▸ **DATA FOR THE TASK**:

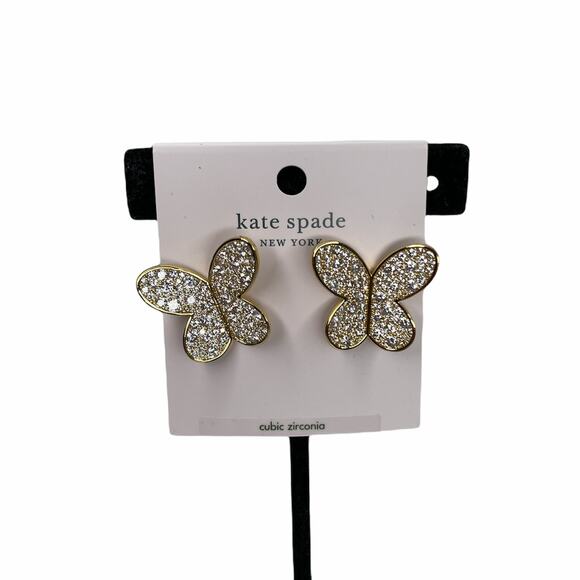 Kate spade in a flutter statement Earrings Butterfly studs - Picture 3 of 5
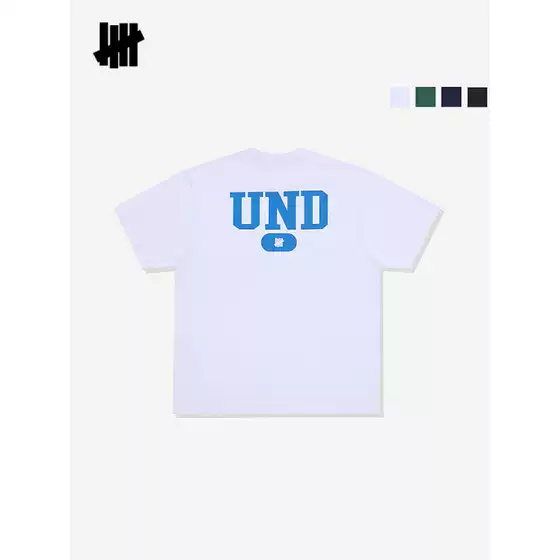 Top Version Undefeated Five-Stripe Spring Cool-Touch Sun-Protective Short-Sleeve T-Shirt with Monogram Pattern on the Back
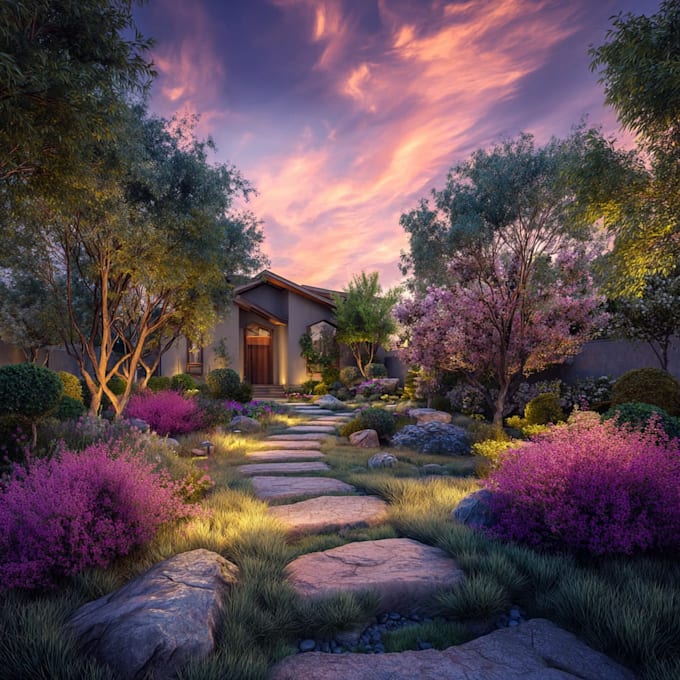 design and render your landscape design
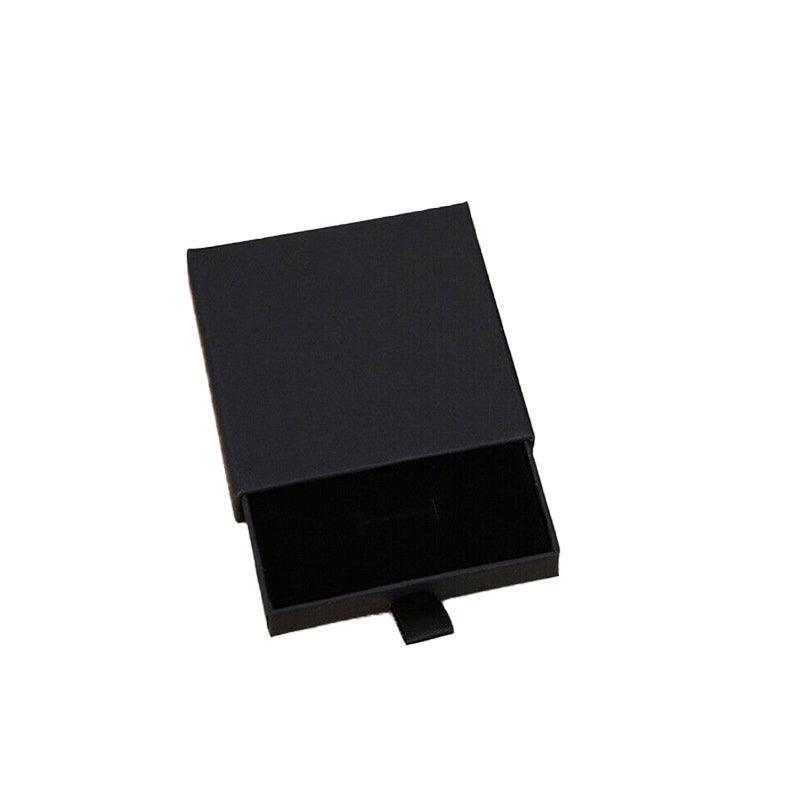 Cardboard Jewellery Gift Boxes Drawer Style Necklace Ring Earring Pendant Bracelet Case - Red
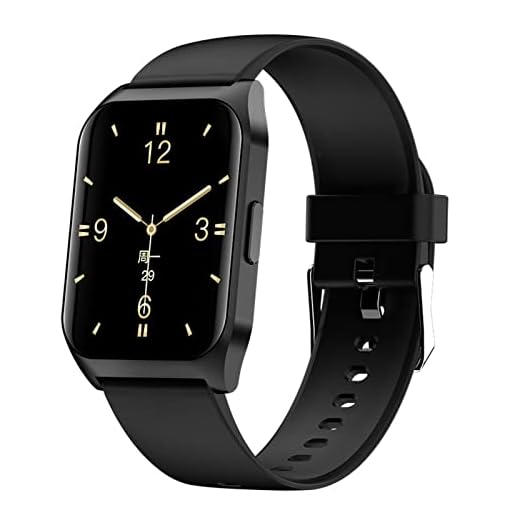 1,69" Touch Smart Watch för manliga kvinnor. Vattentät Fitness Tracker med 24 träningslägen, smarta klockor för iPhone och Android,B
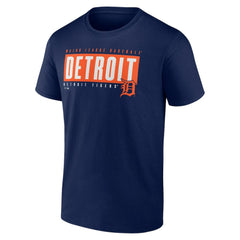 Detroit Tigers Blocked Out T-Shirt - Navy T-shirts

▸ **TASK GOAL**: When you reach the line with "Top Version Undefeated" in the entries above, start copying, and go on word for word to the last line; skip any picture.

▸ **TASK RESULT**:
 Top Version Undefeated Five-Stripe Spring Cool-Touch Sun-Protective Short-Sleeve T-Shirt with Monogram Pattern on the Back
 design and render your landscape design
 Cardboard Jewellery Gift Boxes Drawer Style Necklace Ring Earring Pendant Bracelet Case - Red
 1,69" Touch Smart Watch för manliga kvinnor. Vattentät Fitness Tracker med 24 träningslägen, smarta klockor för iPhone och Android,B
 Detroit Tigers Blocked Out T-Shirt - Navy T-shirts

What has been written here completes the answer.